Longtemps, j’ai cru que le jardin d’ombre (ou plutôt de mi-ombre) était un jardin peu fleuri. Il fallait s’y contenter des crocus printaniers, puis, plus tard, des hampes d’hostas (que certains aiment tellement… qu’ils les mettent au compost. Ceci dans le meilleur des cas). Les heuchères ou les astilbes aussi nous font de petites explosions roses ou blanches, bref, rien pour pâmer la jardinière. Bien sûr, j’exagère, il y a quelques beautés (Cimicifuga, Corydalis…).

Il faut savoir aussi que, fraîchement immigré de France, un « ami » agronome québécois m’avait dit que, dans notre coin perdu de Lanaudière, aucune fleur ne survivait, sauf les Pieds-d’alouette, les Pivoines aussi, ouf !!! Pourtant, un jour, parce que je suis nostalgique, et que je fonds dès qu’on me parle de madeleines et de joies enfantines, j’ai eu envie de primevères au jardin. Ma visite aux Jardins de Métis peu avant n’est pas étrangère non plus à ce début de folie.
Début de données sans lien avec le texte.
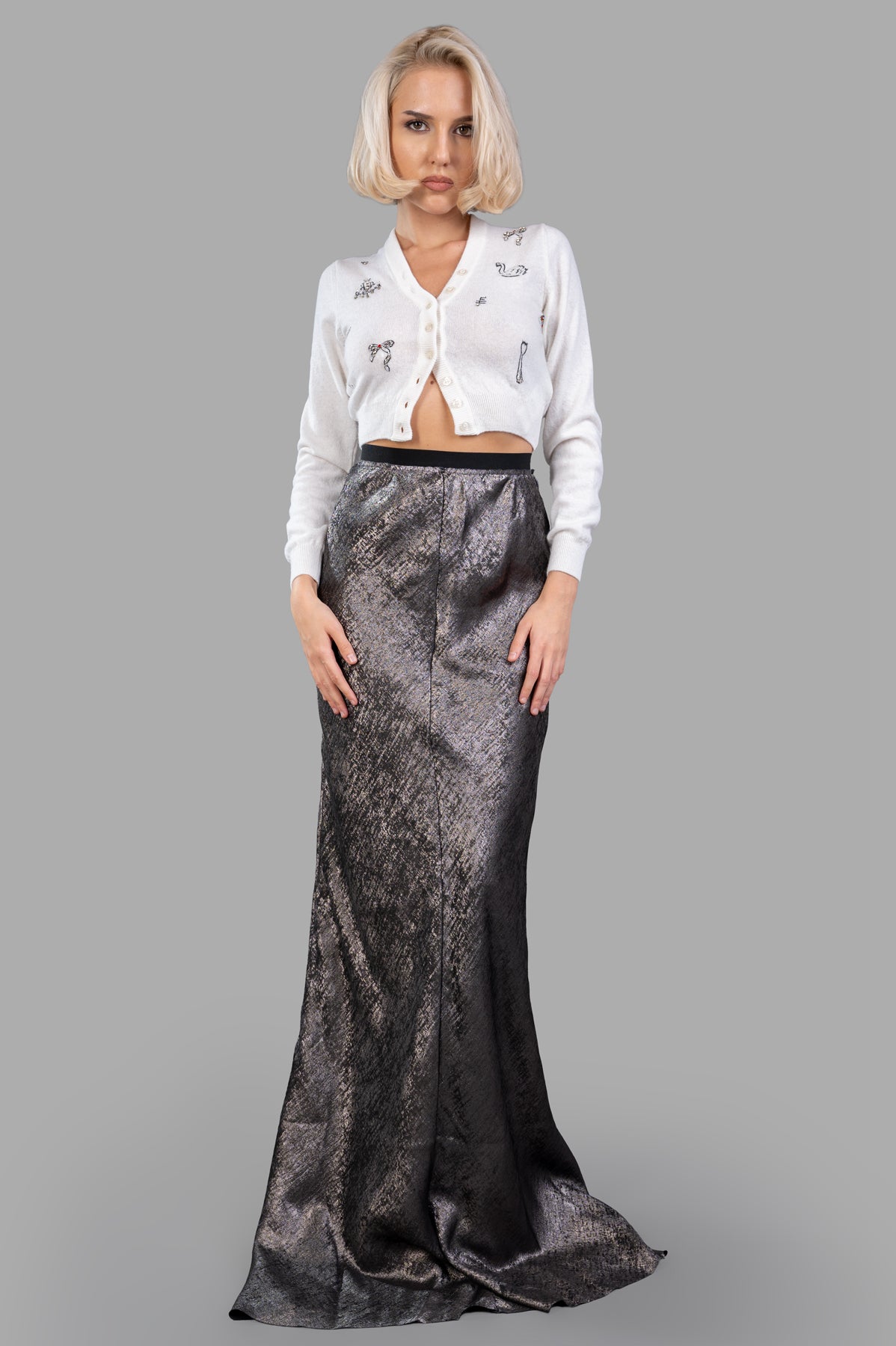 MSGM Embellished Cardigan on-model front view, white sequin detail, V-neck, button closure, paired with a long skirt.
Le genre Primula recouvre plus de 400 espèces, mais de ma jeunesse, je retiens la Primula acaulis (ou vulgaris) une fleur jaune-beurre, simple, au bout d’une tige. La seule primevère digne de ce nom pour ma mère, la primevère des talus normands, amoureuse des sols acides. Un ton tellement particulier, qui évoque la fragilité printanière.

Primula ‘Traditional Yellows’ (20/05/2016)

Il y a aussi le coucou de mon adolescence poitevine (Primula veris), au jaune plus soutenu de bouton d’or. Plus florifère mais moins romantique aussi, il préfère les talus plus alcalin. Du coucou, on appréciera les descendants aux tons flamboyants P. ‘Coronation Cowslips’ ou le fabuleux P. veris Hose in Hose ‘Lord Alfred’.

 

Primula veris Hose in Hose ‘Lord Alfred’ (25/05/2017)

Bien avant, nos ancêtres, ou du moins leurs contemporains anglais, savaient déjà que les différents types de primevères pouvaient s’hybrider sans trop de difficultés. Tellement qu’ils ont réussi à créer une nouvelle « espèce », la primevère polyantha, un mélange de plusieurs espèces européennes qui donna une fleur plus grosse et surtout déclinée en de multiples couleurs.